It reminded me of yet another detail of working through grief.  I've noticed a pattern in the last 19 months or so.  See, some things have hit me really hard and some haven't.  I can't say it's a hard-and-fast rule, but it's pretty common that it works out this way.  The big things often hit pretty hard, like birthdays and anniversaries and all.  I just went through our wedding anniversary recently, and it did a number on me.  The same hit with the anniversary of her death.  Heh, we had two anniversaries that we celebrated, one for when we got married and one for when we got together as a couple.  Both of those can hit pretty hard.

The other things that have tended to hit hard have been lots of little things.  Most recently, it's been looking for shaving cream and deodorant.  She'd had pretty intense sensitivities to chemicals and synthetic scents.  As a result, I had to be a lot more careful about what I'd pick up and use.  If I picked up something with synthetic scent, it'd give her nasty migraines, chest pains, and other unpleasant stuff.  I was in the grocery store for probably 30 minutes trying to figure out what to buy.  The habit of avoiding the synthetic scents is still there.  Then again, looking at the ones that were OK for me to use was sad, too.  I found myself bouncing between them, each sparking of memories that just ramped up the confusion and distress. And, at the same time, there was part of me thinking it was just ridiculous to be having that hard of a time with picking up such pointless little things like deodorant and shaving cream.  What a mess.
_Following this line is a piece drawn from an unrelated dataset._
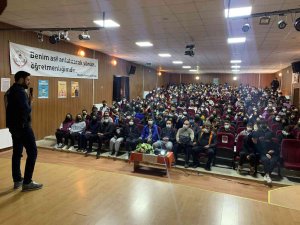 Siber Polisinden Okullarda "Güvenli İnternet Kullanımı Ve Siber Zorbalık" Eğitimi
Those little things are the ones that I haven't thought would hit me like that.  There was no expectation of it, no preparation for it.  They aren't like getting hit by a train.  That's what the big days are like.  Instead, those little things are like a sucker punch that comes from out of nowhere while you're standing in line waiting to pay for gasoline and a coke at a convenience store.  And because there's no preparation for when they hit, those things can really hurt.  They don't mess me up for as long as the big ones do, but it doesn't feel much different in those moments.
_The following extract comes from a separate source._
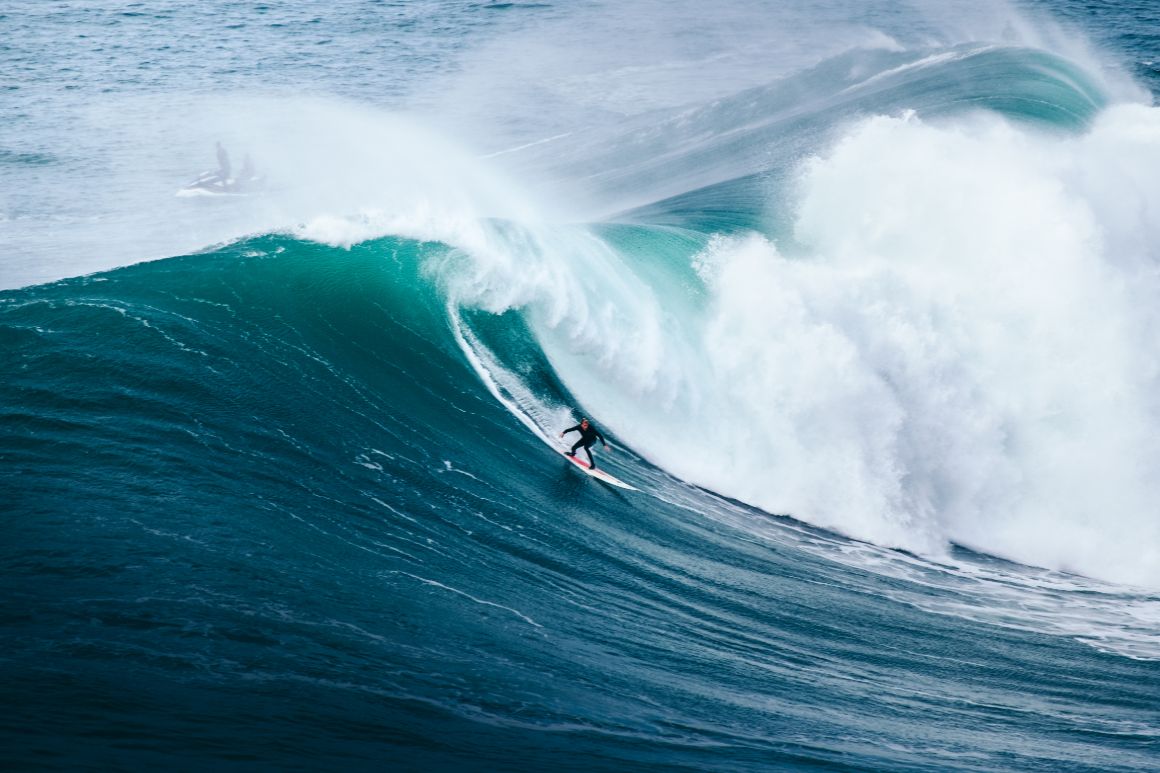 Surfař v Nazaré, Portugalsko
It's like there's an upside-down bell curve for how they affect me.  The big ones I can see coming, but they hit anyway.  The small things come out of nowhere and hurt, too.  Oddly, it's the medium-sized things that overall aren't so bad.  I can see them coming and prepare some for them, and the preparation makes at least some degree of difference.

The hope is that over time the big things just don't hit as hard.  They run out of momentum; they run out of steam.  Hopefully they go from a train blaring down on me at full speed to a hard storm wind.  Maybe they push me around some, but they don't cause me pain or damage.  I'd also hope something similar happens with the little things.  There's only so long that it's fun to sucker punch someone, only so many times before they see them coming.  Heck, if you get hit enough times in the same place, it does make you tougher.  You just can't be hurt as easy in that place, in that way.

It's just a matter of hanging in there until that time comes.  I hope.